Your objective:
Quote all of the data that follows exactly as written, skipping the images.
▽
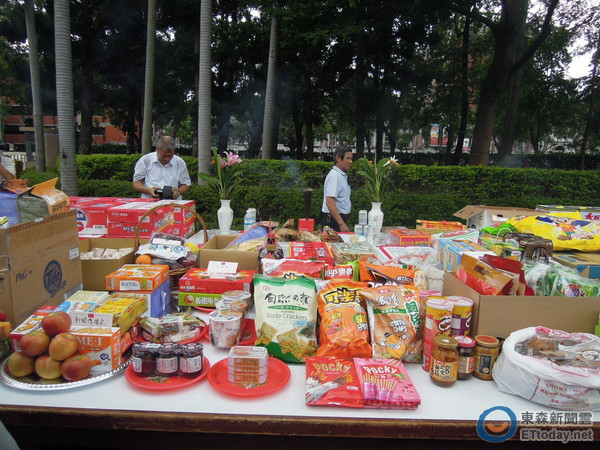 臺“行政院”舉行中元普渡 供品含泡面、餅干、薯片 臺“行政院”舉行中元普渡 供品含泡面、餅干、薯片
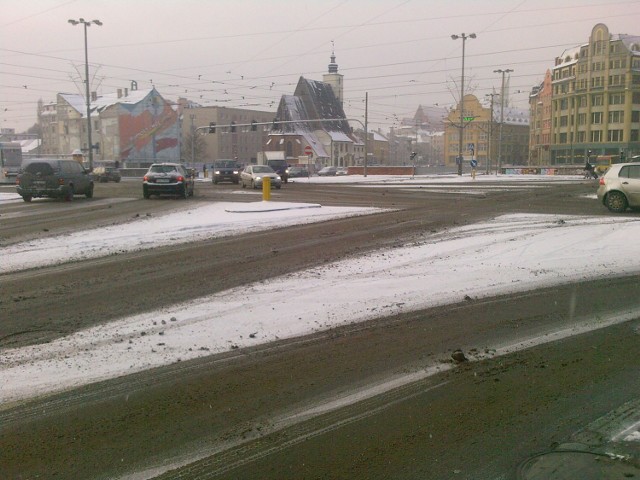 Plac Dominikański. Śnieg i błoto pośniegowe zalegają główne ulice Wrocławia.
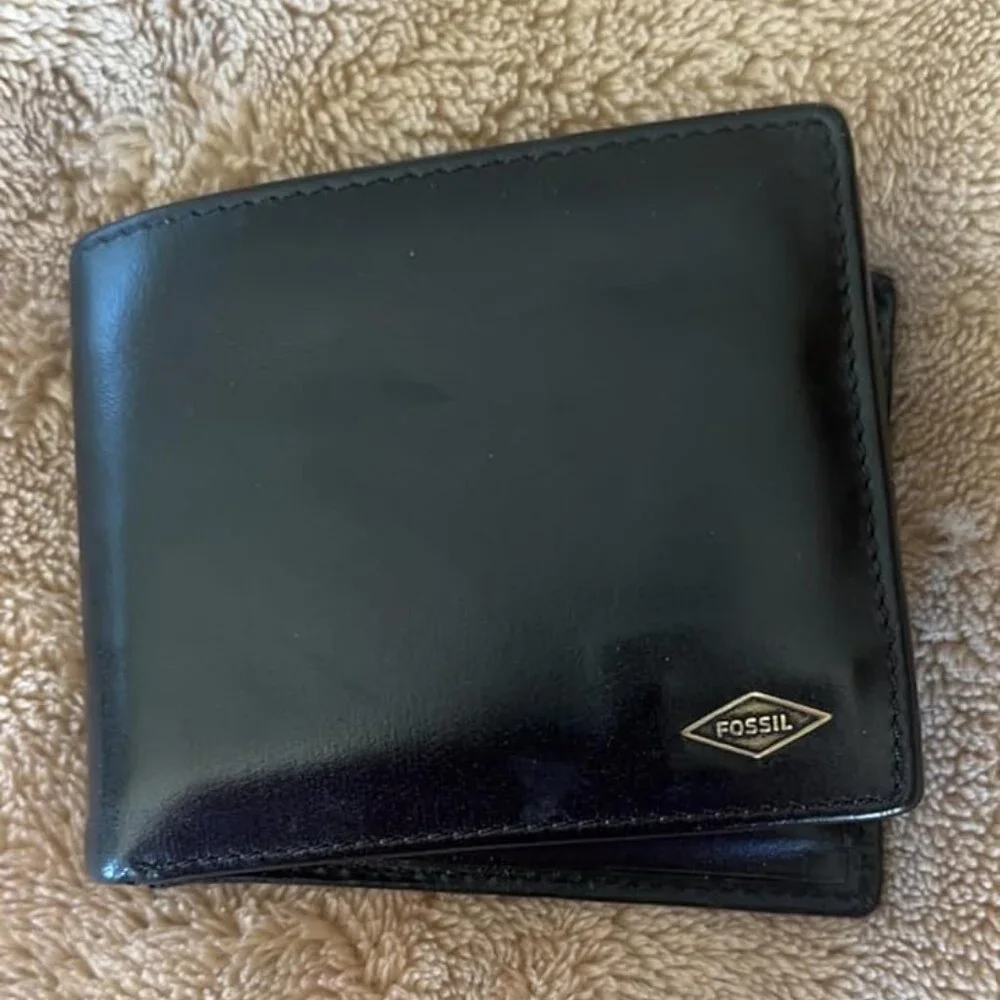 Fossil Men's Ryan Leather RFID-Blocking Bifold with Flip ID Wallet Black
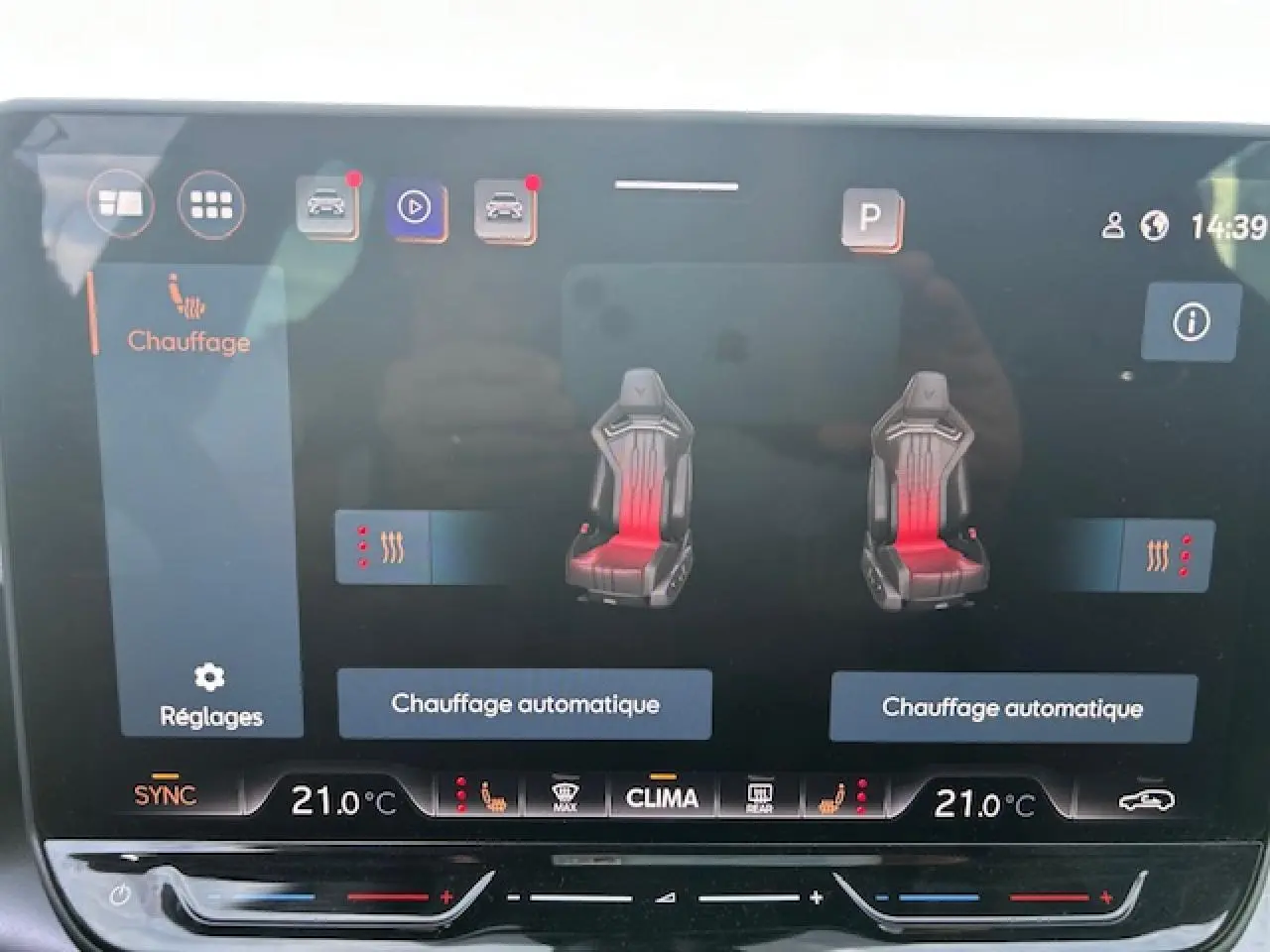 Écran tactile du système de climatisation chauffant affichant les sièges avant du CUPRA Formentor blanc neige.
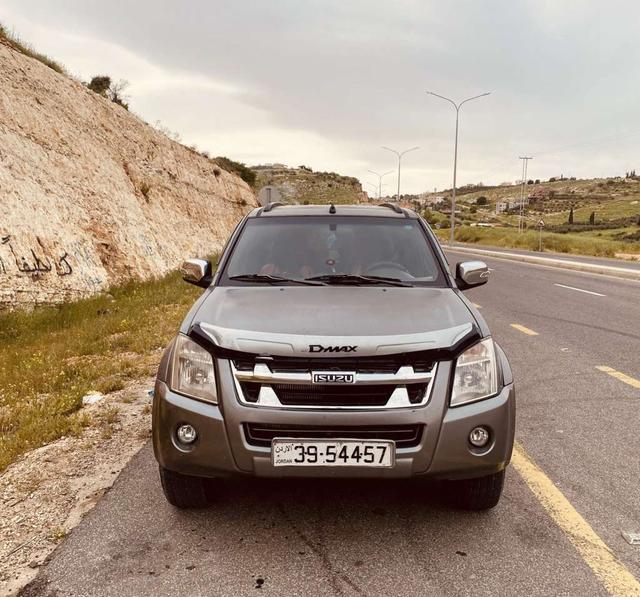 إيسوزو D-Max LS
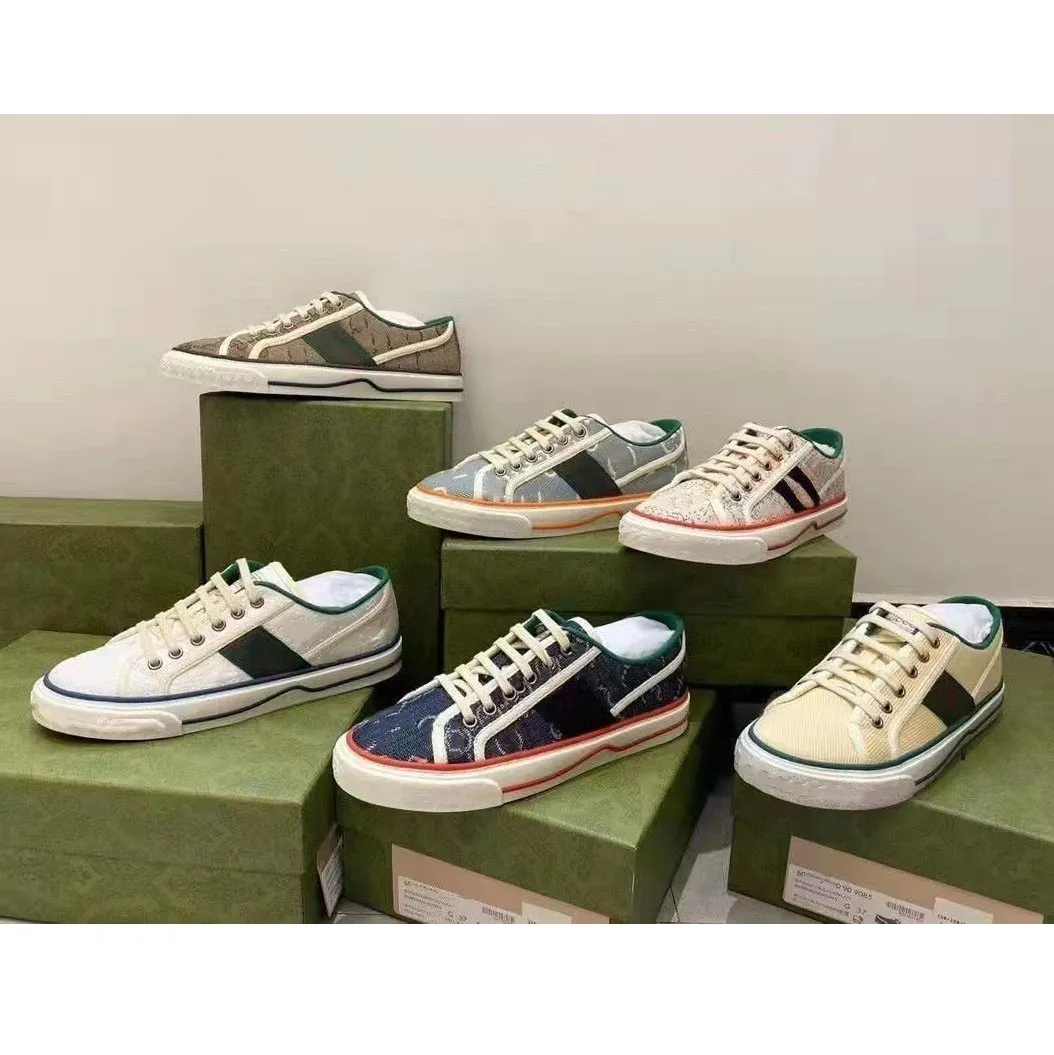 Tennis 1977 Sneakers lässige Designerschuhe Grün und Rot Web Stripe Italien Schuh Herren Damen Low Top Sneaker Stretch Baumwolle Trainer Übergröße 01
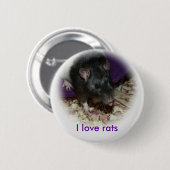 可愛いネズミが舌のピンを突き出した 缶バッジ (正面&裏面)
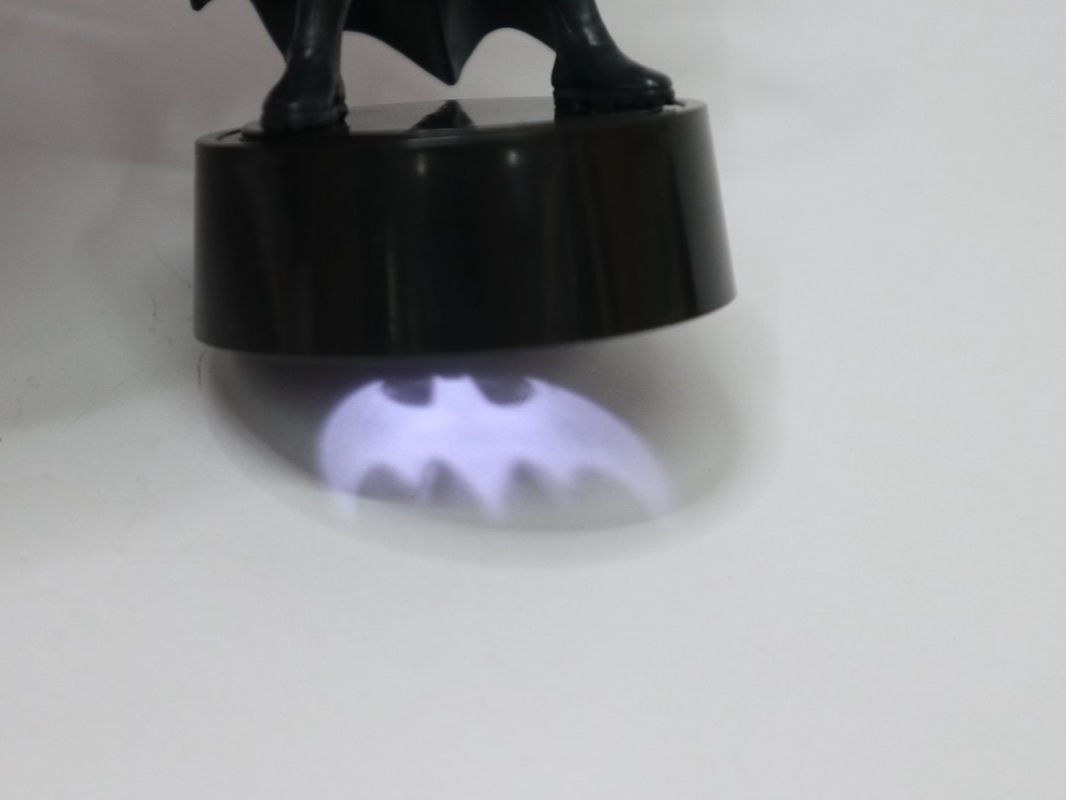 Figuren: DC Batman Figur mit Led Bat inkl. Batt. – Neu und originalverpackt aus Eschenbach SG von Astalavista 2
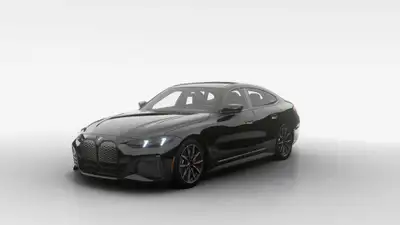 * Entretien programmé sans frais 3 ans/60 000 km * Ensemble Essentiel Premium * Ensemble M Sport * E...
△
Finished exercise:
 臺“行政院”舉行中元普渡 供品含泡面、餅干、薯片 臺“行政院”舉行中元普渡 供品含泡面、餅干、薯片
 Plac Dominikański. Śnieg i błoto pośniegowe zalegają główne ulice Wrocławia.
 Fossil Men's Ryan Leather RFID-Blocking Bifold with Flip ID Wallet Black
 Écran tactile du système de climatisation chauffant affichant les sièges avant du CUPRA Formentor blanc neige.
 إيسوزو D-Max LS
 Tennis 1977 Sneakers lässige Designerschuhe Grün und Rot Web Stripe Italien Schuh Herren Damen Low Top Sneaker Stretch Baumwolle Trainer Übergröße 01
 可愛いネズミが舌のピンを突き出した 缶バッジ (正面&裏面)
 Figuren: DC Batman Figur mit Led Bat inkl. Batt. – Neu und originalverpackt aus Eschenbach SG von Astalavista 2
 * Entretien programmé sans frais 3 ans/60 000 km * Ensemble Essentiel Premium * Ensemble M Sport * E...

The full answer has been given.